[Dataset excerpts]
· · · · ·

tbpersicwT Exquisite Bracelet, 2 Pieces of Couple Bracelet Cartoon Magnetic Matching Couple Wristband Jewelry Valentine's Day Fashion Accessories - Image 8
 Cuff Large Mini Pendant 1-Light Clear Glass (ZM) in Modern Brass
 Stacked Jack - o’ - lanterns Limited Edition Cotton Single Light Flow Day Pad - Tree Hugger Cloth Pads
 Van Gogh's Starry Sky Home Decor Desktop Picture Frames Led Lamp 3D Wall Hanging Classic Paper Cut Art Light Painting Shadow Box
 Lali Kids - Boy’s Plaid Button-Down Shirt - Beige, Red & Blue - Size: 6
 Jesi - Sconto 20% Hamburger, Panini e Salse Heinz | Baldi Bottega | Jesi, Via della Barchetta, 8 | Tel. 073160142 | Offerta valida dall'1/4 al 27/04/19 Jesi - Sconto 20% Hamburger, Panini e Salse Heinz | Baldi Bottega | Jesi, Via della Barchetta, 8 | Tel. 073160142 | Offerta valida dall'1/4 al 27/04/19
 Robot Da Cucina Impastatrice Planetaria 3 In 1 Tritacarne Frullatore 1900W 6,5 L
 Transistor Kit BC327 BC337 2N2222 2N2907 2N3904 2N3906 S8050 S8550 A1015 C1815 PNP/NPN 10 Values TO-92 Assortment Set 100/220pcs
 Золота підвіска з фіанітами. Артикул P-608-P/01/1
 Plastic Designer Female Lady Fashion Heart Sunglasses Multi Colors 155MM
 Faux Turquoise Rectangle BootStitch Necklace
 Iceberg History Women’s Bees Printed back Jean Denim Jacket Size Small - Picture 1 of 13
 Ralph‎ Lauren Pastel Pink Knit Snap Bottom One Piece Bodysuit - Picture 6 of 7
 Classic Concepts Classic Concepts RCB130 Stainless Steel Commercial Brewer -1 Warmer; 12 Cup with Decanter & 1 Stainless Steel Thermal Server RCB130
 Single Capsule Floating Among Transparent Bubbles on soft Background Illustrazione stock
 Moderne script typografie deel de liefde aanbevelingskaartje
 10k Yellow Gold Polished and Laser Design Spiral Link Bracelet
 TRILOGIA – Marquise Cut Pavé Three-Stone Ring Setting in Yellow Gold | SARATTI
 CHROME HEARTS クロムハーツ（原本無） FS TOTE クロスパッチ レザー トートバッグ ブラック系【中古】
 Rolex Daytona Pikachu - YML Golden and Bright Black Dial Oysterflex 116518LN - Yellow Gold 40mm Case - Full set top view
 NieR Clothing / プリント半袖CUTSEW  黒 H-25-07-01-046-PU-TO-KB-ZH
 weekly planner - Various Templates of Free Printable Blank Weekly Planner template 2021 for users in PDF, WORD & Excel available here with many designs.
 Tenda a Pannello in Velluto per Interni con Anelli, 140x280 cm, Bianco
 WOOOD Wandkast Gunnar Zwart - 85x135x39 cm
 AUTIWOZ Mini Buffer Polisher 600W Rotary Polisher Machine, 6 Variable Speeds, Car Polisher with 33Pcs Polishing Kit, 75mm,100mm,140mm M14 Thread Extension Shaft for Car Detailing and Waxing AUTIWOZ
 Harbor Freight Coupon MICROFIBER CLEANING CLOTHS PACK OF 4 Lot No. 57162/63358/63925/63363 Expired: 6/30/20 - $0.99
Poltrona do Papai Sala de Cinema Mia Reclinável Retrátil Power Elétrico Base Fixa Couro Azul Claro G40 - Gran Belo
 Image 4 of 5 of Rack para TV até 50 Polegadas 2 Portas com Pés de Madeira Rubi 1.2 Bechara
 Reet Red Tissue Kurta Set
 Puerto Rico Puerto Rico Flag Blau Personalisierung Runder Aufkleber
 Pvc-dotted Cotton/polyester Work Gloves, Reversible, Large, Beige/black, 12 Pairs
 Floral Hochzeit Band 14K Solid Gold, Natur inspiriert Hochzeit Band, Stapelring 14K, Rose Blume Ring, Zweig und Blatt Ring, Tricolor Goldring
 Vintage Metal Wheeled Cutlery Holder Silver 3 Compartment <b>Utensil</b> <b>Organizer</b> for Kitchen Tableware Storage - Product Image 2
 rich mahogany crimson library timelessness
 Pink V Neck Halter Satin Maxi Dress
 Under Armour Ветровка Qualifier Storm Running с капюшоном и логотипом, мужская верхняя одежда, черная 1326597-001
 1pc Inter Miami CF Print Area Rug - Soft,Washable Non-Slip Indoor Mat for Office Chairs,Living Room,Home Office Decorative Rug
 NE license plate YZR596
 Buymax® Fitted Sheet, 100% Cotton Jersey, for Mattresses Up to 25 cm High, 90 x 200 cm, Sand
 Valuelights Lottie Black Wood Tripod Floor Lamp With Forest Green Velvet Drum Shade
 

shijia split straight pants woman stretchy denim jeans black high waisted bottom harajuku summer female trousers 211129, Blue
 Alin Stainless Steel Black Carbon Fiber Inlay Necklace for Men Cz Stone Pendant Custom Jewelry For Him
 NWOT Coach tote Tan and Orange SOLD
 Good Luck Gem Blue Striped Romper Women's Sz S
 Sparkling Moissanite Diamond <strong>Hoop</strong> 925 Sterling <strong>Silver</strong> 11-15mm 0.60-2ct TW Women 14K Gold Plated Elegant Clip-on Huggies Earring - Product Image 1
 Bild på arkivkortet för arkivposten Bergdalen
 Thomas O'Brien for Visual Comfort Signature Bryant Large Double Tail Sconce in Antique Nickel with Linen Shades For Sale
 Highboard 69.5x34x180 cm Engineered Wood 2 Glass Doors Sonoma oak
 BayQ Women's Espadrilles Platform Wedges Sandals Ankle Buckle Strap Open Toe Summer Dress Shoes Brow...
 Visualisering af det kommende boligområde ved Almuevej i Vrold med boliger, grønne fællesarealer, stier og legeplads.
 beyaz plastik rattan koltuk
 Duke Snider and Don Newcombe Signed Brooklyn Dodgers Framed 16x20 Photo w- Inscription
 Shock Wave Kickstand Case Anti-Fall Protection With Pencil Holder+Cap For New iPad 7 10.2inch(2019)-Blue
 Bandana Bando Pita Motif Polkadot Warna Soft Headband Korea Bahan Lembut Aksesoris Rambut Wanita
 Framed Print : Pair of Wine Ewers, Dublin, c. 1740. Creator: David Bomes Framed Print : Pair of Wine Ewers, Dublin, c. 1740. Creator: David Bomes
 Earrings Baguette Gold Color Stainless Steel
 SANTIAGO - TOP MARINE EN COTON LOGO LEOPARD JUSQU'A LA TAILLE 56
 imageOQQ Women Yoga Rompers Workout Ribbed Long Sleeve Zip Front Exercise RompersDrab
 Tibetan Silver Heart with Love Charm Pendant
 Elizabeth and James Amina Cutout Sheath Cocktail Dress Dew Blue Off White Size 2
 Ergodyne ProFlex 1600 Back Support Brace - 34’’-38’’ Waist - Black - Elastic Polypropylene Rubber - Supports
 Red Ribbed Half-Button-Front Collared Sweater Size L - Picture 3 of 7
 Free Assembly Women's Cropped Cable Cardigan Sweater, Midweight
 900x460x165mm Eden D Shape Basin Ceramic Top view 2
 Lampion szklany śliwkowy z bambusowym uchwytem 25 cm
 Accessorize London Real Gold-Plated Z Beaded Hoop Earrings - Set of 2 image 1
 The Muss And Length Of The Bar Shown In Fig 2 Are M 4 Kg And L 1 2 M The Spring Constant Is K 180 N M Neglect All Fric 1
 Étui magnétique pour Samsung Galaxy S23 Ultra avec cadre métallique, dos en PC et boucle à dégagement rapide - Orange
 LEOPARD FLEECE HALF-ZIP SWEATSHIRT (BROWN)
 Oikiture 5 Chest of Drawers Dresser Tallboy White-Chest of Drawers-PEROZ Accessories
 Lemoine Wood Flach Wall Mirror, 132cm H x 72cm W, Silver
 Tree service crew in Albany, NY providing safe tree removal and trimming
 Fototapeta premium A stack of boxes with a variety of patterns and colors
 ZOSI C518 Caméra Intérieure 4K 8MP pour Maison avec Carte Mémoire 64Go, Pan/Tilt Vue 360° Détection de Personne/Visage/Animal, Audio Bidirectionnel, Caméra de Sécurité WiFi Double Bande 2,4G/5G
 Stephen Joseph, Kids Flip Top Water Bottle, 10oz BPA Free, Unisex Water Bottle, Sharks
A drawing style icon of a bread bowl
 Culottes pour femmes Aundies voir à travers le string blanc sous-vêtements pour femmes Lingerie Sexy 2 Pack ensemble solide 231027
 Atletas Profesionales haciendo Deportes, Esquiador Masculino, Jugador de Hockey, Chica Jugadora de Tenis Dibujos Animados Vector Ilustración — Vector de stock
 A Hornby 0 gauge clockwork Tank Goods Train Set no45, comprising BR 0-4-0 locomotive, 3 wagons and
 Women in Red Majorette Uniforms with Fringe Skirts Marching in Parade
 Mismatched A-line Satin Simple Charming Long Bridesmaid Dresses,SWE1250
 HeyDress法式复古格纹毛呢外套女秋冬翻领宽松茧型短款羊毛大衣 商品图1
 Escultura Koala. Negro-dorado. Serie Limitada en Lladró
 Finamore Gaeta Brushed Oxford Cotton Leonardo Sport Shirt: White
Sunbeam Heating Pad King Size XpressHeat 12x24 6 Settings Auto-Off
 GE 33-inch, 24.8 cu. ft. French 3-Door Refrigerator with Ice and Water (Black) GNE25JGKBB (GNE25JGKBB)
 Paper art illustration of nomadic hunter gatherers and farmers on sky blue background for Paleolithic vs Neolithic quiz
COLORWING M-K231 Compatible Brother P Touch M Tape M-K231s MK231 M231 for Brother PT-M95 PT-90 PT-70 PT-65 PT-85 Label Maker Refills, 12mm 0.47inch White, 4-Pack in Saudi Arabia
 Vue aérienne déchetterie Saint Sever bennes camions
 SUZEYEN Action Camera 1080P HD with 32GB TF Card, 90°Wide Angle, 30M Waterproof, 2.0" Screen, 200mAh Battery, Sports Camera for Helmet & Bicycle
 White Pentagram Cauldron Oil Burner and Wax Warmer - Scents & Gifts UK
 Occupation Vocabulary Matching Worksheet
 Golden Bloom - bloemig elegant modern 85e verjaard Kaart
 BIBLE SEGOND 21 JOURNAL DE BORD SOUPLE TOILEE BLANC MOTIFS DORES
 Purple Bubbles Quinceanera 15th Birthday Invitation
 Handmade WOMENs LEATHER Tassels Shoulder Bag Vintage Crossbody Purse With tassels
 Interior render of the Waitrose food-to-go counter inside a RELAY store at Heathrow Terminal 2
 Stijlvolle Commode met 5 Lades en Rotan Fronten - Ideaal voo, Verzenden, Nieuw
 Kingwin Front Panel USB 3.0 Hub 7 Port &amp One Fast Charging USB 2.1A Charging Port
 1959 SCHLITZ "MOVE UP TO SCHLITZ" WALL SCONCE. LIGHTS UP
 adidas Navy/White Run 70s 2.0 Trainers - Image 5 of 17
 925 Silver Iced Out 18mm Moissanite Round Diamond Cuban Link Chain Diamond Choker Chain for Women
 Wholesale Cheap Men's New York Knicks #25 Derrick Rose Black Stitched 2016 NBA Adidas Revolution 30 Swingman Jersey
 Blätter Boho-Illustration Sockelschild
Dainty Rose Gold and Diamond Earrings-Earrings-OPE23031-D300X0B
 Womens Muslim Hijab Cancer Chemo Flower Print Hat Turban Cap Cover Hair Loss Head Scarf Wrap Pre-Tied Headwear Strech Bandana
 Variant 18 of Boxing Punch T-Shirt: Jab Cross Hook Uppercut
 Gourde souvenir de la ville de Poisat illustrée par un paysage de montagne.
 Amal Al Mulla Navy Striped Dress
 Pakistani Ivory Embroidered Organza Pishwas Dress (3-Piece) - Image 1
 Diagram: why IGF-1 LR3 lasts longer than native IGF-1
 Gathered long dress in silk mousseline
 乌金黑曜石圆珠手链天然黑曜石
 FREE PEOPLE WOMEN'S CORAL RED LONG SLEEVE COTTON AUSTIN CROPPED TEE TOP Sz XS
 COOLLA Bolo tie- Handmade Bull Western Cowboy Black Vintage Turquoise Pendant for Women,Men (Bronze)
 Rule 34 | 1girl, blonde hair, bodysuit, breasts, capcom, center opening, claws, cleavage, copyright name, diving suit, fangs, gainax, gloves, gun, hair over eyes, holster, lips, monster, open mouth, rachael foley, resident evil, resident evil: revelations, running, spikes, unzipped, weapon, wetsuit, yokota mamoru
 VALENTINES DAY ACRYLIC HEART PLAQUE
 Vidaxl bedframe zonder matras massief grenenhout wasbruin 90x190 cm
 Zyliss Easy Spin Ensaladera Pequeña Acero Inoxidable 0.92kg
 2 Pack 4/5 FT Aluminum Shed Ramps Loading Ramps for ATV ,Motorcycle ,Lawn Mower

· · · · ·

§ **ABOUT THIS TASK**:
Starting with the line with "Rolex Daytona Pikachu" above and going on through the line with "Floral Hochzeit Band", transcribe every line exactly, both ends included, and add nothing.

§ **SOLUTION**:
 Rolex Daytona Pikachu - YML Golden and Bright Black Dial Oysterflex 116518LN - Yellow Gold 40mm Case - Full set top view
 NieR Clothing / プリント半袖CUTSEW  黒 H-25-07-01-046-PU-TO-KB-ZH
 weekly planner - Various Templates of Free Printable Blank Weekly Planner template 2021 for users in PDF, WORD & Excel available here with many designs.
 Tenda a Pannello in Velluto per Interni con Anelli, 140x280 cm, Bianco
 WOOOD Wandkast Gunnar Zwart - 85x135x39 cm
 AUTIWOZ Mini Buffer Polisher 600W Rotary Polisher Machine, 6 Variable Speeds, Car Polisher with 33Pcs Polishing Kit, 75mm,100mm,140mm M14 Thread Extension Shaft for Car Detailing and Waxing AUTIWOZ
 Harbor Freight Coupon MICROFIBER CLEANING CLOTHS PACK OF 4 Lot No. 57162/63358/63925/63363 Expired: 6/30/20 - $0.99
Poltrona do Papai Sala de Cinema Mia Reclinável Retrátil Power Elétrico Base Fixa Couro Azul Claro G40 - Gran Belo
 Image 4 of 5 of Rack para TV até 50 Polegadas 2 Portas com Pés de Madeira Rubi 1.2 Bechara
 Reet Red Tissue Kurta Set
 Puerto Rico Puerto Rico Flag Blau Personalisierung Runder Aufkleber
 Pvc-dotted Cotton/polyester Work Gloves, Reversible, Large, Beige/black, 12 Pairs
 Floral Hochzeit Band 14K Solid Gold, Natur inspiriert Hochzeit Band, Stapelring 14K, Rose Blume Ring, Zweig und Blatt Ring, Tricolor Goldring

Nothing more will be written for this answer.